/ensembl_coordinate_conversion

Coordinate conversion code using Ensembl Perl API

Primary LanguagePerlApache License 2.0Apache-2.0

Ensembl API Coordinate Conversion

This repository is part of exercise on Ensemble Perl API usage. Here, code to convert human genome assembly latest release GRCh38 from chromosome coordinate system to same system and region but different version is given.

The exercise target is to convert chromosome 10's seq no 25 to 30 coordinates (in GRCh38 version) to GRCh37 coordinate version in the same chromosome 10 region.

Tested Environment

  • Ubuntu 18.04 LTS
  • Bash shell
  • Perl v5.26.1
  • Ensembl API version 104

Installation

Ensembl Perl API install

Follow this youtube video instruction. Written instruction can be found in this link from ensembl official documentation site.

Other Installation

Ensembl API use Perl API to extract data from mysql database. For that you may need to install some extra library

sudo apt-get install libdbi-perl libdbd-mysql libdbd-mysql-perl

Usage

Provided script can report mapping of GRCh38 sequence coordinate to any valid coordinate system,version. If no conversion is available for the target system:version, it will print nothing.
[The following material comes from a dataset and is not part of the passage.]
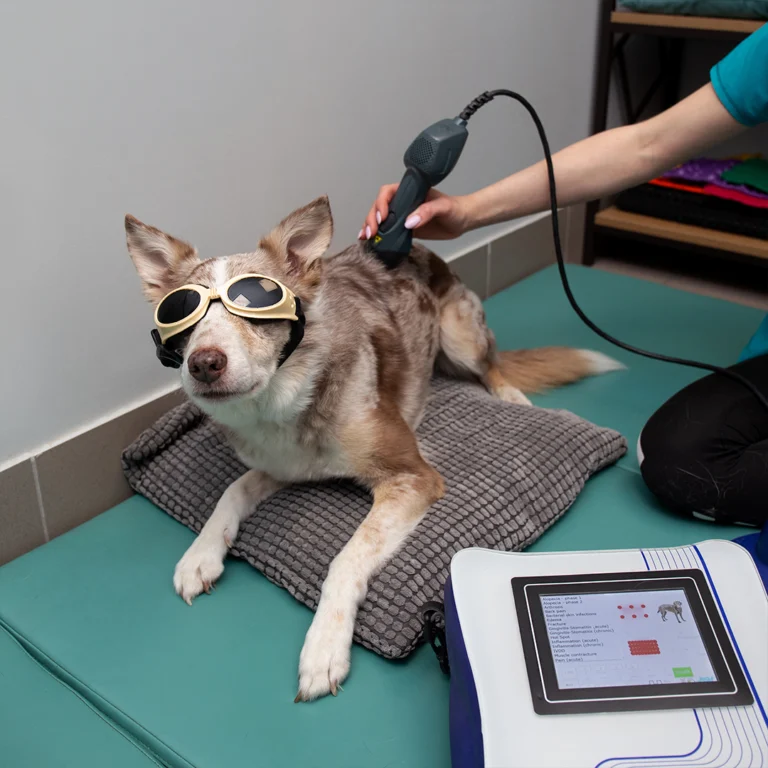 laseroterapia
To run the script as executable, first set the script file executable permission

chmod +x coordinate_conv.pl

Then run like following,

./coordinate_conv.pl <chromosome number> <start coordinate in GRCh38> <end coordinate in GRChh38> <new coordinate system name> <new coordinate version>

If executable permission cannot be given run like following,

perl coordinate_conv.pl <chromosome number> <start coordinate in GRCh38> <end coordinate in GRChh38> <new coordinate system name> <new coordinate version>

Example Usage

If we want to get mapping report of chromosome 10's seq 25 to 30 (inclusive, in GRCh38 version) to chromosome coordinate system version GRCh37 in same chromosome 10, the inputs will be,

  • chromosome number = 10
  • start coordinate in GRCh38 = 25
  • end coordinate in GRCh38 = 30
  • new coordinate system name = chromosome
  • new coordinate version = GRCh37

The cmd will be

./coordinate_conv.pl 10 25 30 chromosome GRCh37

or if not executable

perl coordinate_conv.pl 10 25 30 chromosome GRCh37

Output

If no mapping found

No mapping of chromosome:GRCh38 to chromosome:<new coordinate version>  is found to the same region for seq <seq start in GRCh38>-<seq end in GRCh38>

If mapping found

Features current coords <continusous seq start>-<continusous seq start> project onto clone coords <region name>:<mapped sequence start>-<mapped sequence end>

There may be multiple of such lines which report continous stretch of mapping

Exceptions Cases

  • Invalid coordinate version name is provided
-------------------- EXCEPTION --------------------
MSG: Cannot transform to unknown coordinate system [chromosome <provided version name>]
...
  • If Chromosome number value is invalid, no exception will be thrown but nothing will print and warning will be shown
-------------------- WARNING ----------------------
MSG: Feature cannot be projected without attached slice.
...
---------------------------------------------------
Can't call method "coord_system" on an undefined value at ./coordinate_conv.pl line 46

Exercise Answer

Run the script like following

./coordinate_conv.pl 10 25 30 chromosome GRCh37

As nothing is printed, 25-30 sequence can not be mapped to same region of chromosome in GRCh37 assembly release. From experiment it is further seen that it can not be mapped to any region of GRCh37 assembly.